The reliance –or rather faith – of the Indian middleclass in the Indian judiciary has allowed judges to become the executive arm of the state. While this has happened partly due to the manifest failures of the political class and the executive, it is nonetheless a dangerous trend.  Judges are just individuals like other members of the society with their own prejudices and limitations. They can be corrupt or honest, with or without civil or societal vision. Either way they gloat over their power and exercise it when given a chance.  Naturally they pass judgments, which are sometimes to the liking of the public and sometimes to the public disliking. So when a judge pronounces that Indira Gandhi won the parliamentary election by violating some trivial rules, otherwise a common practice, the same Indian middle class went into ecstasy as it went into outrage when Binayak Sen was found guilty of waging war against the state.

 

There is a hierarchy in the Indian judicial system with the Supreme Court on the top, then the provincial High Courts followed by district magistrate at the bottom. The bottom element, that is the district magistrates, are more likely to appease the local governments than are Supreme Court justices the central government. The prejudice of the judges was clearly manifest in the recent blatantly irrational reasoning offered by the judgment in the Babri Masjid case where Justice Sharma was more concerned at redeeming his Hindu gods than in addressing the wrong done by the demolition of the historic mosque. It was obvious that an almost 500 –year old structure protected by Indian law was destroyed in front of TV cameras. But this fact did not seem to bother the judge whose legal mind was wrestling with mythology not with facts. It does not and should not matter whether or not Dr. Binayak Sen’s sympathies lie with the Maoists or not or whether he gave medical advice to a jailed Maoist in full view of the jail authorities or not, and it does not matter whether or not he served as a conduit between jailed and non-jailed Maoists, he should never have been arrested or charged, much less convicted.  But the district judges functioning in a BJP-ruled state want to be on the right side of those in political power and that is what they did. It is therefore required of the human rights activists to assert that no democratic country can rely on judges to take care of state affairs. If they wish to proceed by accepting what they like and agitating against what they do not, they are making a fatal compromise.

 

Another area of concern is the communalizing of hitherto secular spaces by majoritarian, i.e. Hindu, religious symbols and practices.

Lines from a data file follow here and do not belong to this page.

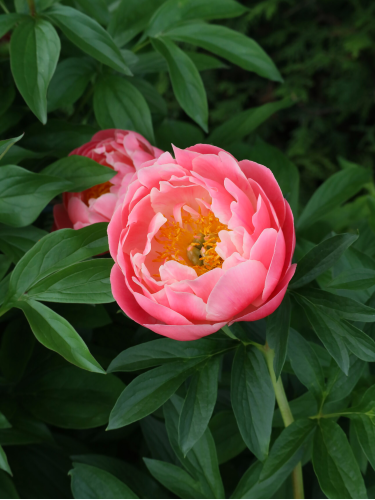 Півонія Lovely Rose (1 шт. в упаковці)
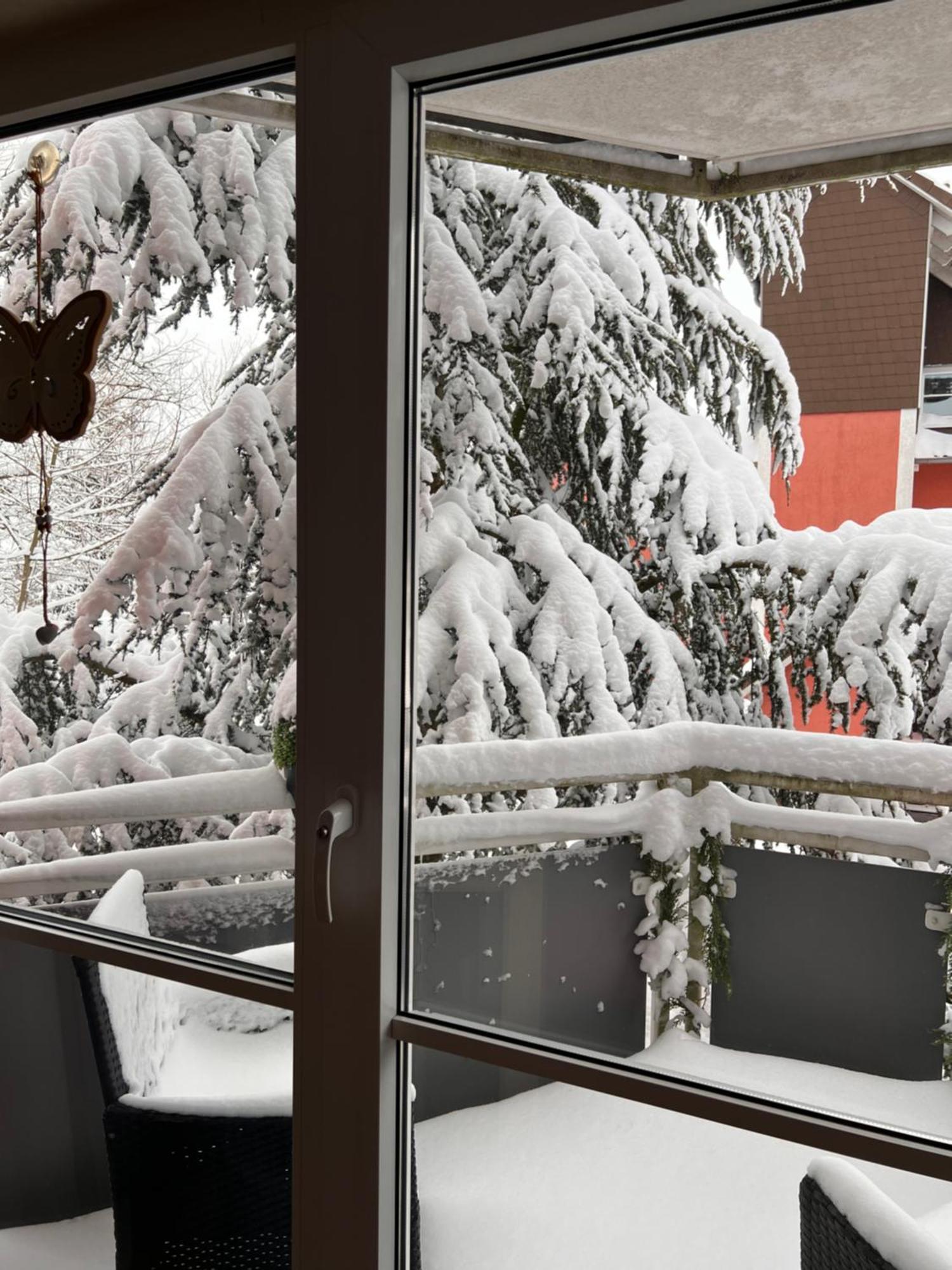 Harz-rose * Braunlage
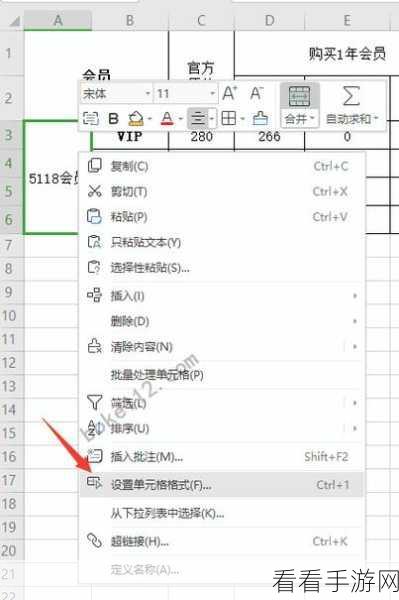 轻松掌握！电脑版 WPS 表格文字竖排秘籍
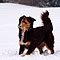 Winterspaziergang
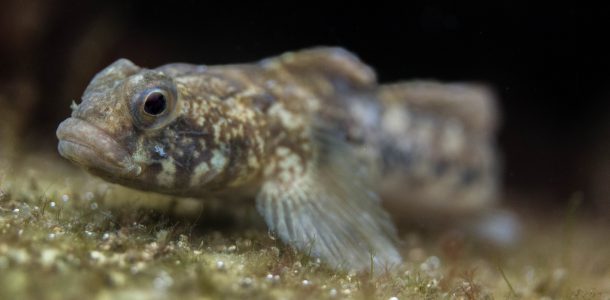A Macro of a Pouty Fish in the Zeeland Saltwater Lake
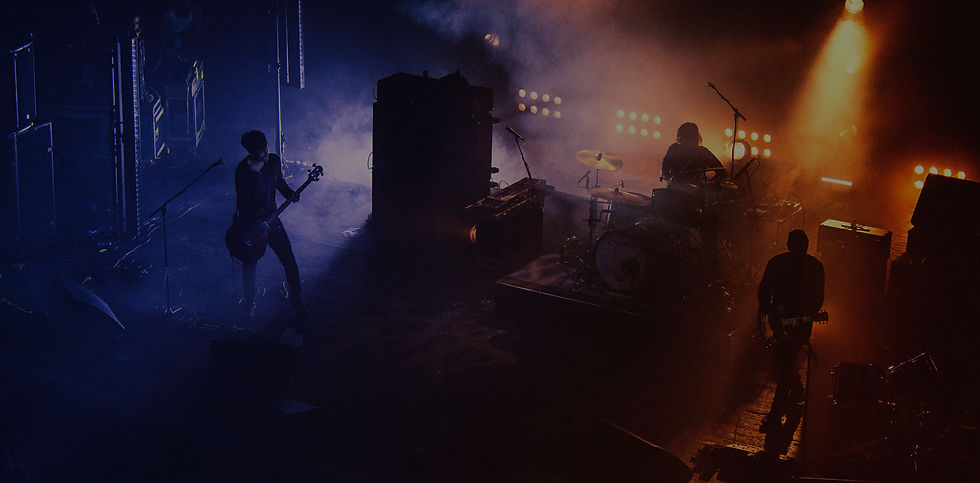 Live Concert Performance_edited_edited_edited.jpg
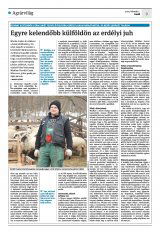 Krónika XXIV. évfolyam, 20. szám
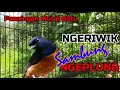 Download Lagu SUARA MURAI NGERIWIK SAMBUNG NGEPLONG, Pasti Ampuh Mancing Murai Gacor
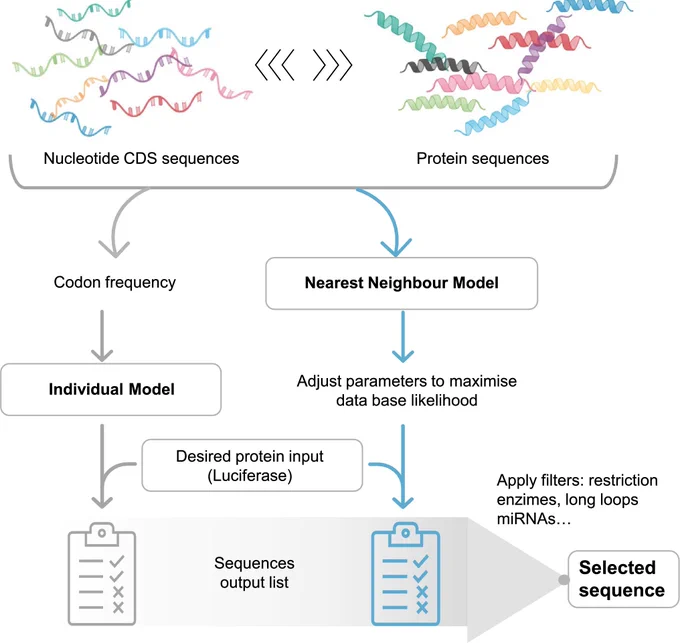 A statistical-physics approach for codon usage optimisation. Computational and Structural Biotechnology Journal, DOI: https://doi.org/10.1016/j.csbj.2024.07.020
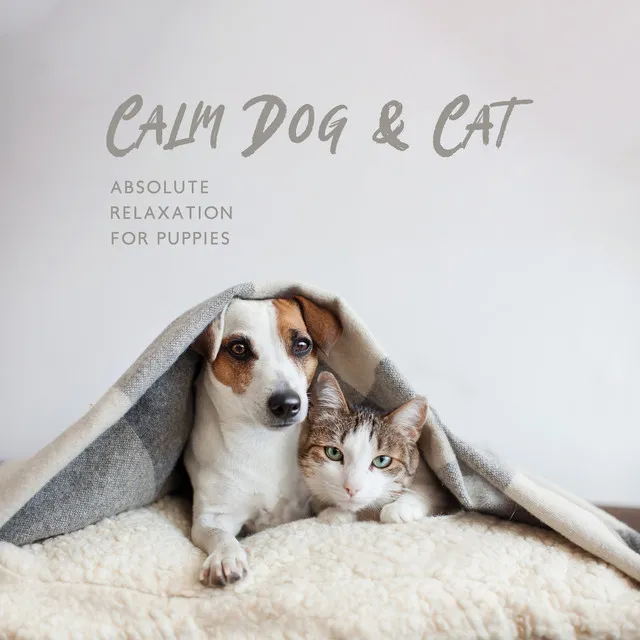 Calm Dog & Cat: Absolute Relaxation for Puppies, Kittens, Stress Reduction, Anxiety Help, Calm Dow Your Pet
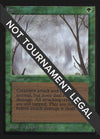 Image for Fog (IE) (International Edition) - Magic: The Gathering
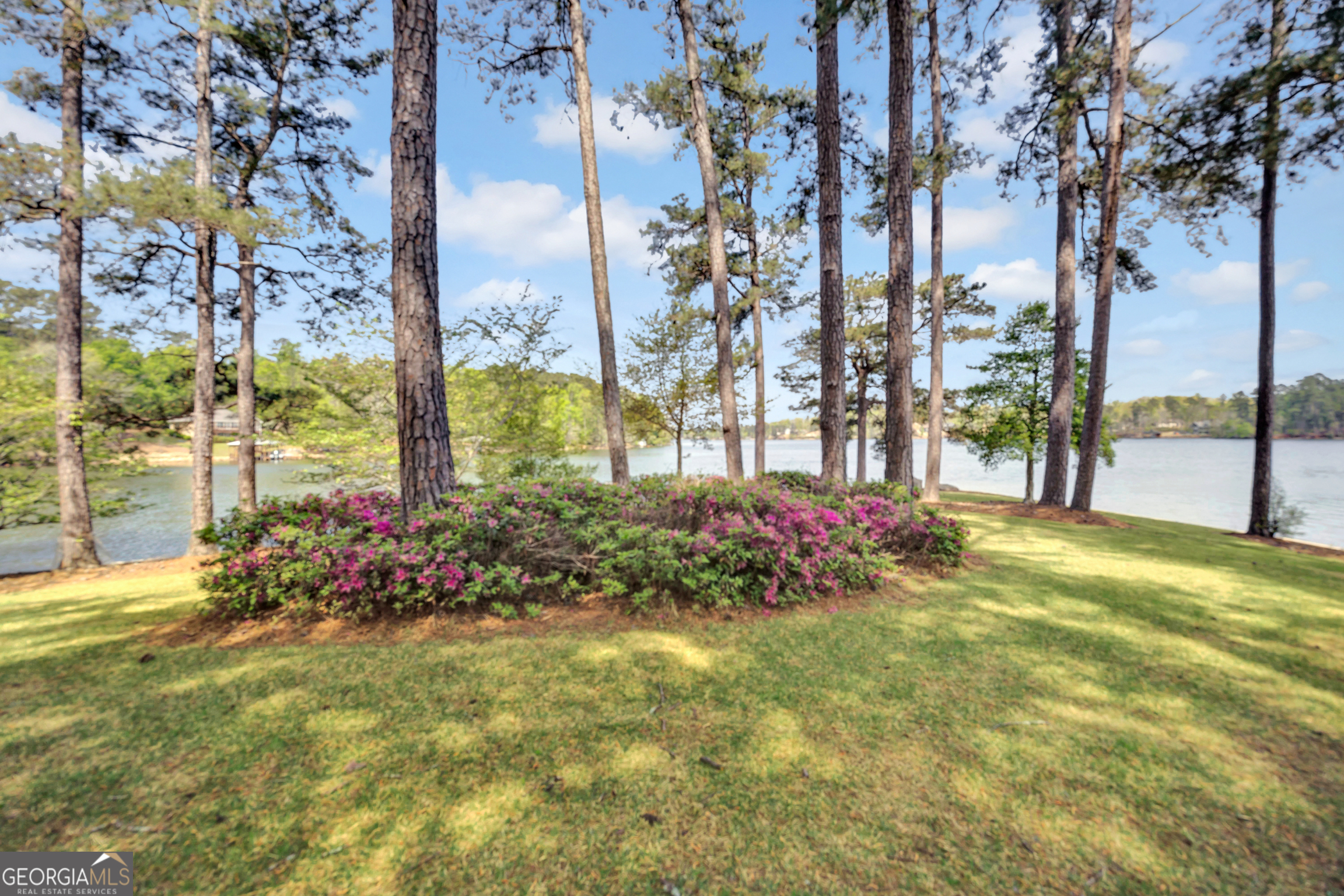 172 Tater Hill Road Property Photo 11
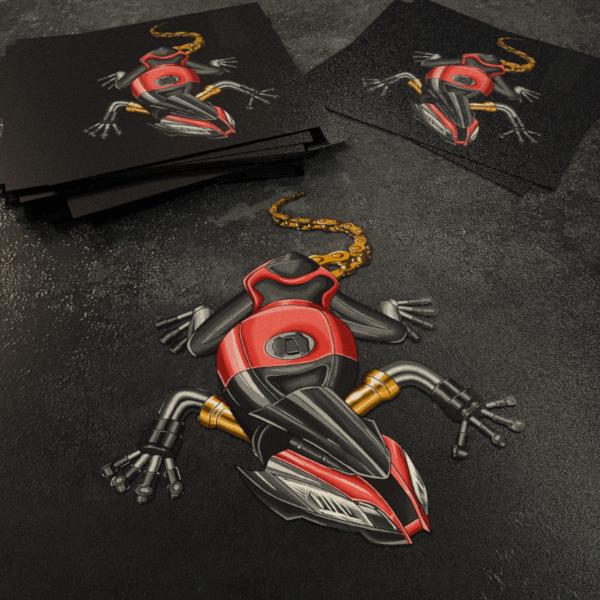 Kawasaki Ninja ZX-10R Inspired Stickers - Set of 3 Motorcycle Decals for Riders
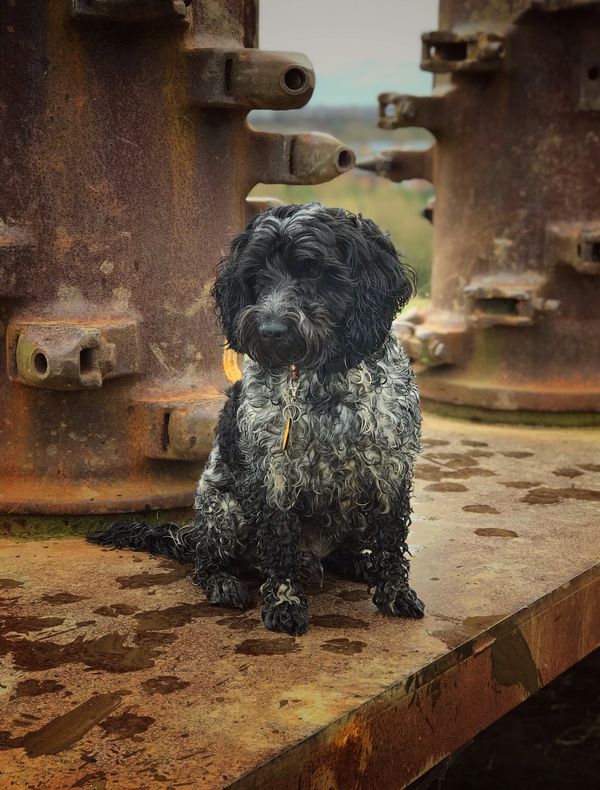 Ted cockapoo posing in front of the sculpture at Bentley community woodlands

Recently, at an international conference devoted to safety in the nuclear and other advanced industries held in Mumbai and attended by several hundred scientists and engineers from India and many foreign countries, the opening act was a tribute to Lord Ganesh.  In the opening session, the top scientists and technocrats of India, including the Chair of the Atomic Energy Commission, Director of the Bhabha Atomic Research Centre, etc., lit diyas placed around a Ganesh statue while prayers were recited.  The emcee of the proceedings, a local scientist, explained for the benefit of the foreign participants that this was to demonstrate the deep spirituality of India.

 

For India to emerge as a modern democratic country, the government must assume overall responsibility for its executive functions. Inequality and poverty is an integral part of the capitalist system but poverty of the magnitude that still prevails in India is neither compatible with democracy nor full-fledged capitalism.